I più chiari segni esteriori della crisi capitalistica sono l'immobilizzazione dei mezzi di produzione, la discesa dei prezzi all'ingrosso e l'aumento del numero di fallimenti. Sul crack della Enron i giornali scrissero: è il più grande fallimento della storia. Pochi mesi dopo collassava la WorldCom, un fallimento più grande ancora. Ora la United Airlines, seconda compagnia del mondo, 83.000 dipendenti e 1.700 voli al giorno, indebitata per 920 milioni di dollari e in crisi di liquidità, chiede l'amministrazione controllata. Tanto per rimanere nel campo dei record, è il più grande fallimento nella storia delle compagnie aeree e anche il più grande fallimento degli esperimenti di "partecipazione operaia", dato che la compagnia di Chicago era posseduta per il 55% dai suoi lavoratori. Le azioni sono passate da 70 a 1 dollaro, il minimo per rimanere in tabellone a Wall Street.

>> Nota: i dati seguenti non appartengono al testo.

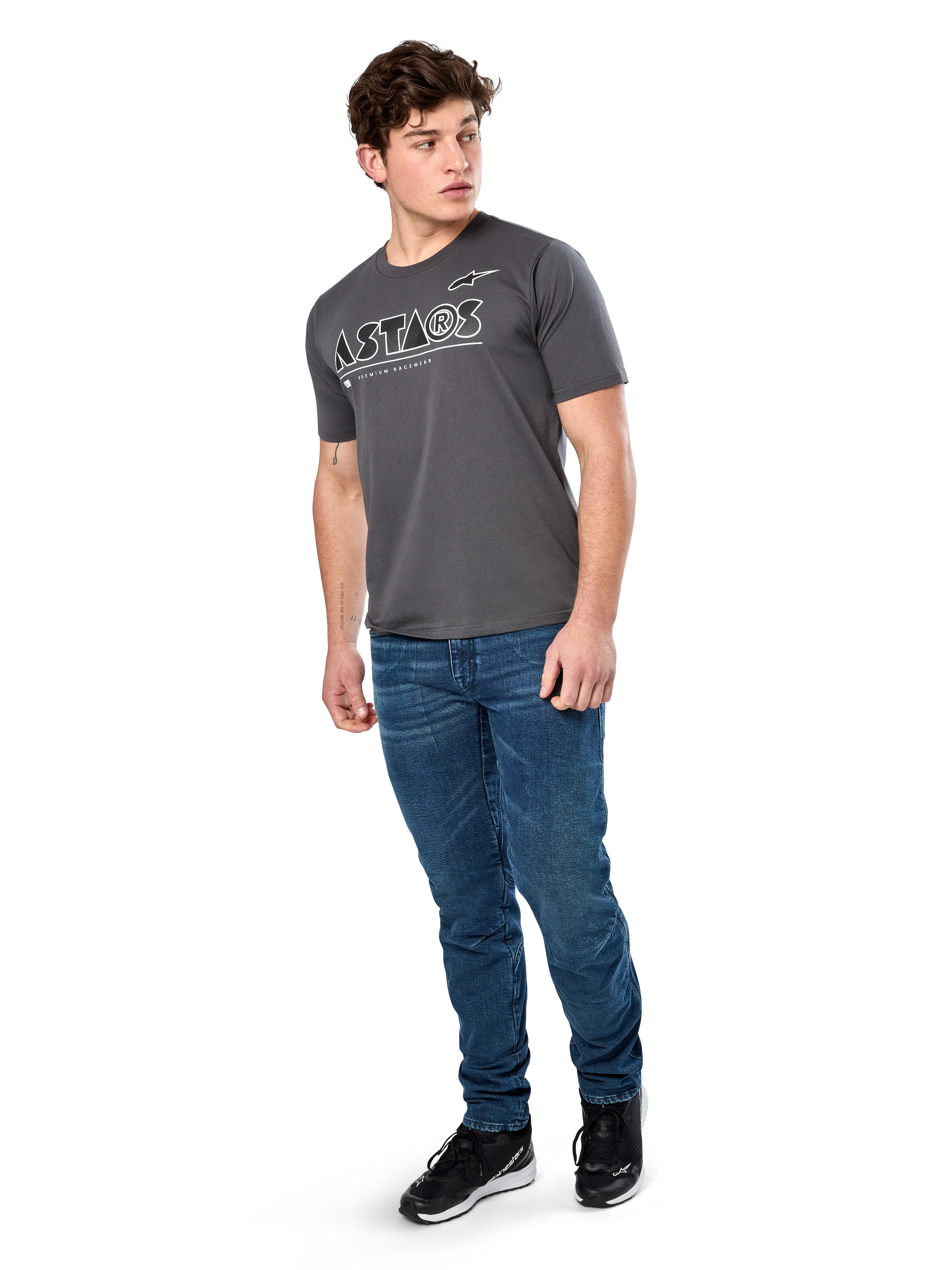 Cereal Csf T-Shirt - Image 3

Questo è il settimo crack americano nel settore, che ha visto cadere i colossi del volo, come PanAm, TWA, US Airways, American Airlines, Vanguard, Midway Airlines, Continental Airlines. La Continental aveva appena sottoscritto un accordo di cartello con Delta Airlines e Northwest per mettere insieme le forze rimaste e stimolare "sinergie" al fine di superare la crisi. Pratica proibita dall'anti-trust per le tariffe, è permessa evidentemente quando il disastro economico è alle porte.

Negli altri paesi la situazione non è migliore, e lo testimonia la lotta spietata sul filo della concorrenza: nel 2001 era fallita la compagnia di bandiera svizzera, la Swiss Air, un mese dopo quella belga, la Sabena, e mentre scriviamo è sull'orlo del fallimento la greca Olympic Airways. È inevitabile che questi fallimenti si ripercuotano sulle aziende produttrici di aerei, per esempio la Boeing, che da sola ha già eliminato 80.000 posti di lavoro. La catena delle cause e degli effetti è inesorabile, ma dove comincia e dove finisce?

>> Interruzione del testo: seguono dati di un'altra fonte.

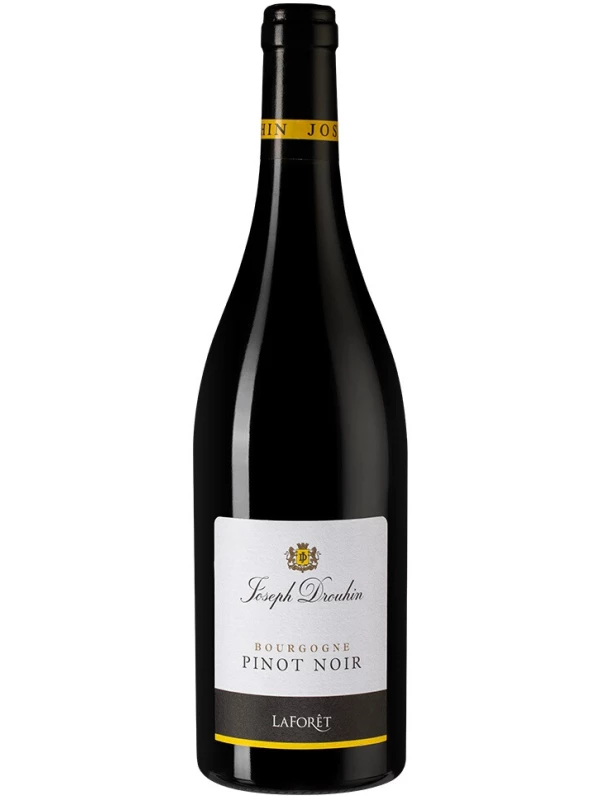 Laforet Bourgogne Pinot Noir AOC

L'aereo, per le compagnie di volo, è un mezzo di produzione come lo è l'autocarro per quelle di trasporto a terra. Ma è assai più costoso, sia a causa del capitale da anticipare per l'acquisto, sia per ciò che vi sta intorno, manutenzione, personale specializzato per il pilotaggio, tecnici di volo, carburante, servizi. Come tutti i mezzi di trasporto, ha una soglia di carico sotto la quale il viaggio non è più competitivo. Nei periodi di boom il valore prodotto nella società circola, viene ripartito, si spostano turisti, lavoratori, soprattutto manager, che viaggiano in business class, la più redditizia, pagata dalle aziende. Nei periodi di crisi tutto ciò si riduce, ma, se si può ridurre il numero dei voli, non si può ridurre il parco macchine, un aereo non si vende come un'automobile di seconda mano. L'alta composizione organica del capitale, una benedizione in tempo di boom, si trasforma in tempo di crisi in una maledizione, che si presenta in genere sotto forma di debiti per fermo macchina, quindi non onorabili a causa della carenza di passeggeri.

La crisi specifica del trasporto aereo è tipica delle crisi generali profonde, nelle quali l'utilizzo degli impianti e la circolazione del capitale costante è bloccata: è come se, calando la velocità di circolazione del Capitale, calasse conseguentemente la velocità di circolazione degli uomini e del valore ripartito nella società. E in effetti il traffico aereo è un buon indicatore dello stato dell'economia, anche per il fatto che la macchina e il sistema che le sta attorno per farla volare sono capitale fisso; perciò quando la macchina è ferma per mancanza di passeggeri la produttività uomo-impianto è zero. Questo è un guaio, se pensiamo che gli aerei, specie quelli sempre più giganteschi, non si producono a milioni in linea di montaggio con pochi operai e tanti robot, e quindi in regime di massimo plusvalore relativo e minimo valore per oggetto prodotto. Essi sono invece fabbricati in pochi esemplari con l'impiego di molti lavoratori qualificati in un settore a bassa composizione organica del capitale, quindi con massimo valore per oggetto prodotto: tipica situazione dei settori che rappresentano una delle "cause contrastanti" rispetto alla legge della caduta del saggio di profitto, perciò già un tentativo di salvataggio rispetto alla tendenza generale verso la bassa accumulazione. Per di più sono fabbricati nel settore di produzione dei mezzi di produzione, che è quello trainante dell'economia capitalistica e la cui asfissia ha un effetto moltiplicato su tutti gli altri settori.